Cet instrument de coordination des politiques publiques sectorielles (PDU, PLU , PLH, SDUC…) s’intéresse à toutes les dimensions de la vie quotidienne : se loger, se déplacer, travailler, se former, se distraire, se soigner…
Projet politique , le SCOT opère les choix pour mieux vivre ensemble.
Projet territorial, il dessine un modèle de développement de l’agglomération lyonnaise pour les 20 ans à venir.

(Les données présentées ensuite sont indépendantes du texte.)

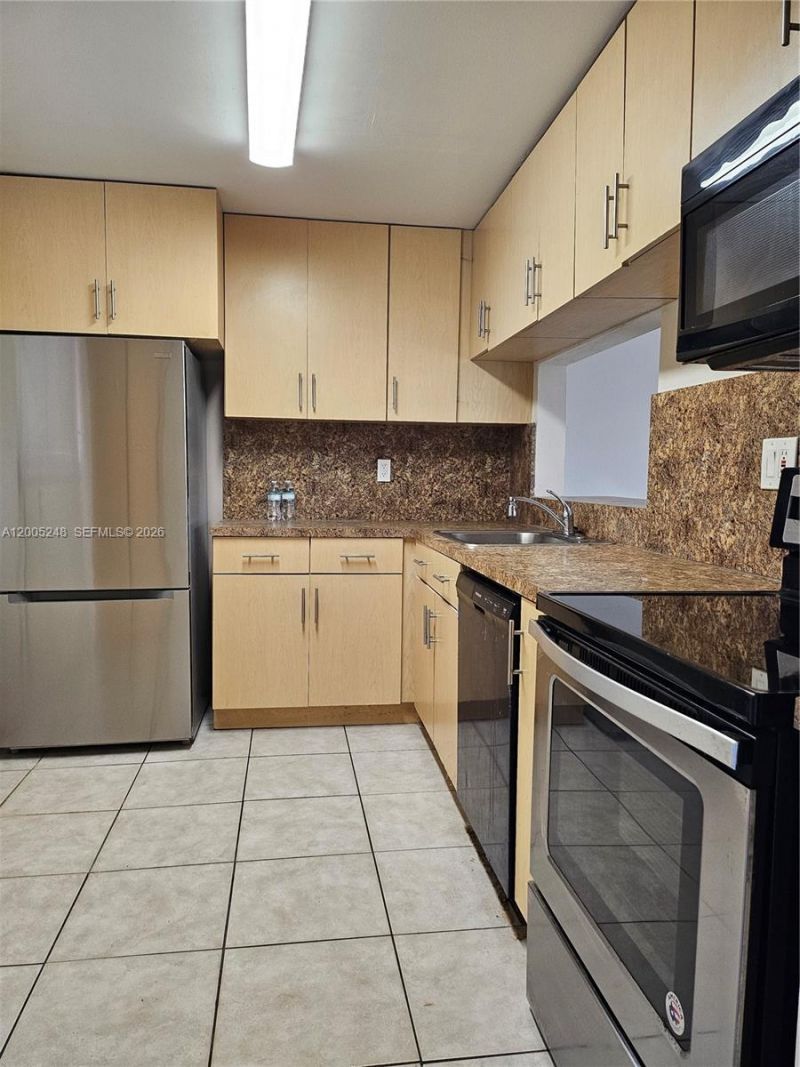 8005 SW 107th Ave , Unit 305, Miami, FL 33173 Photo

Engagée en 2004 par le Sepal, avec l’Agence d’urbanisme de Lyon comme maître d’oeuvre, son élaboration a fait l’objet d’ une concertation permanente ouverte à tous qui a mobilisé de nombreux acteurs : élus des 72 communes membres du Sepal, partenaires publics (État, Région Rhône-Alpes, Département du Rhône, Chambres consulaires, SYTRAL), syndicats en charge des Scot voisins, acteurs clés du territoire, grands experts, Conseil de développement du Grand Lyon ainsi que les habitants de l’agglomération.

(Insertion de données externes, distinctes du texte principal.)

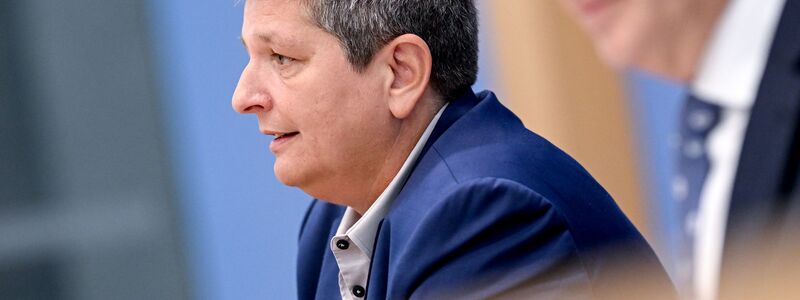 Das Bundesamt für Sicherheit in der Informationstechnik (BSI) spielt eine zentrale Rolle bei der Bewältigung von Cyber-Bedrohungen. Betreiber kritischer Infrastruktur müssen relevante Cyberangriffe dem BSI melden. (Archivfoto) - Foto: Britta Pedersen/dpa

Approuvé d’ici 2010 , le SCOT sera suivi et évalué périodiquement par le Sepal.
De nombreuses autres démarches de planification urbaine sont en cours d’élaboration ou ont déjà été adoptées, à diverses échelles.
Le SCOT n’ajoute pas une nouvelle strate. Il compose au contraire avec chacune d’entre elles, pour assurer la cohérence entre les différentes politiques publiques conduites sur le territoire de l’agglomération.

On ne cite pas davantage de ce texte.